# 109 Down...



## BlackWolf3945 (Jul 16, 2005)

If you follow the international warbird scene at all you may be familiar with 'Red 7', the Bf 109G-4 (actually a converted Buchon) which was restored to airworthy condition fairly recently. If you haven't seen this beauty, here she is...






Image source/credit: unknown web

Unfortunately, she crashed yesterday... pilot is okay...

*Bruchlandung der alten 'Me 109'* (Crash landing of the old ' ME 109 ')

*30.000 Arbeitstunden Restauration in Trümmern* (30,000 work hours of restoration in rubble)

If you don't know German you can use an online translator such as *Babel Fish* to read the article.


Fade to Black...


----------



## Gnomey (Jul 16, 2005)

Shame to see that happened but at least the pilot was OK.
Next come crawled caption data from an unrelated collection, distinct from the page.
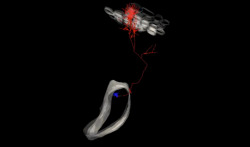 neurosciencestuff:  Study Appears to Overturn Prevailing View of How the Brain is Wired A series of studies conducted by Randy Bruno, PhD, and Christine Constantinople, PhD, of Columbia University’s Department of Neuroscience, topples convention by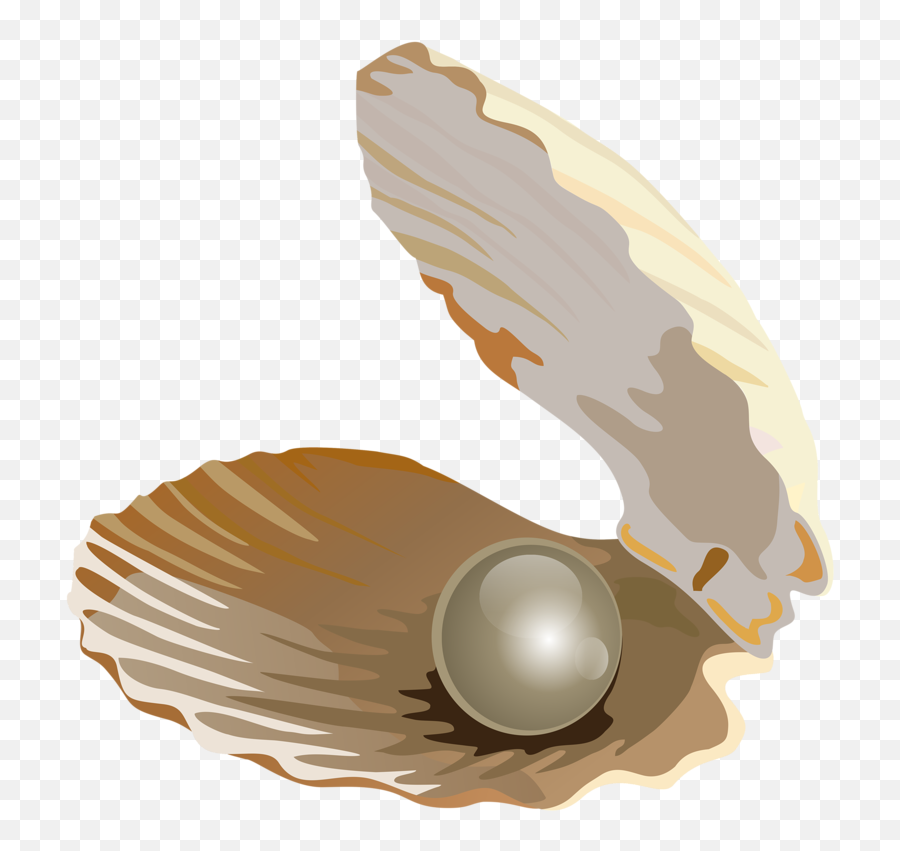 Pearl Shell Png - Shell Without Pearl Emoji,Pearl Clipart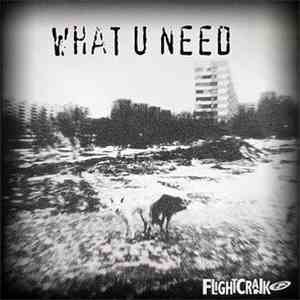 Flightcrank - What U Need flac album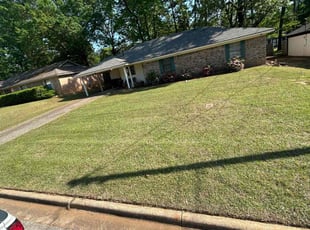 Miguel M.'s lawn maintenance service result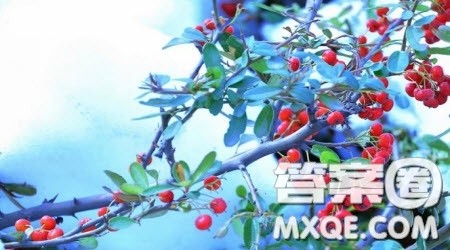 以红豆为题作文600字 关于以红豆为题的作文600字 以红豆为题作文600字 关于以红豆为题的作文600字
Note: the picture doesnt appear


----------



## Nonskimmer (Jul 16, 2005)

I see it fine. Nice pic. Damn shame about the crash though.


----------



## plan_D (Jul 16, 2005)

A real shame. Good thing the pilot is okay but still - it's always sad to lose a warbird.


----------



## Gnomey (Jul 16, 2005)

Nope still dont see it in Firefox or IE


----------



## FLYBOYJ (Jul 16, 2005)

AHHHHH! that totally sucks! It's good the pilot ok, OK but my god a restored G-4 gone!

There was an Emil flying in California prior to my departure in the spring of 2003. I saw "white 14" fly in Mojave - and supposedly Hans Joaquin Marselle flew it!

Evan - if you read this, has it ever gone into Camarillo?


----------



## Erich (Jul 16, 2005)

I saw marseille's 109E several years ago over Chino. Great experience and then first hand close-up of the unit.

The 109G-4 Merlin enigne seized and the pilot took it down or tried to but it was not pilot error as originally thought....sad shame


----------



## Wildcat (Jul 17, 2005)

Crap! I hate it when we lose old warbirds. Still, lucky 'bout the pilot..


----------



## BlackWolf3945 (Jul 17, 2005)

FLYBOYJ said:


> There was an Emil flying in California prior to my departure in the spring of 2003. I saw "white 14" fly in Mojave - and supposedly Hans Joaquin Marselle flew it!


That ship is now part of 'The Russell Group' and is hangared in Niagara Falls, Ontario about 30-40 minutes away from me...

More info about the Russell Group HERE...


Here's a few shots a pal of mine took at the Russell Group Show last month...

















You can see some more shots of 'White 14' at the following links...

*Russell Air Group Show - 3 June 2005*
*Bf109E-4 W.Nr 3579*

The second link also has three videos.


Fade to Black...


----------



## Nonskimmer (Jul 17, 2005)

Beautiful pics! 
I saw Ed Russell's Spitfire Mk.IX and the Hurricane at an airshow a long time ago.


----------



## trackend (Jul 17, 2005)

Super snaps BW very rare planes


----------



## evangilder (Jul 17, 2005)

Man, I hate to see that happen. Thank god the pilot is okay. I don't know if we have had a 109 visit Camarillo in the last few years, but I haven't seen one there in about 6 years or so. I did see one at Van Nuys, back when they used to actually _fly_ at that show. It's like Hawthorne now, just a bunch of static displays.


----------



## FLYBOYJ (Jul 17, 2005)

Yep - that's it! It was at Mojave for a long time, when the museum's restoration hangar was there I used to walk over there all the time and watch the progress as I worked just down the ramp. When it flew it always seemed they were real cautiose with it. Mojave airport was always really windy (30 - 40 mph common wind speeds) so they only flew it on calm days.


----------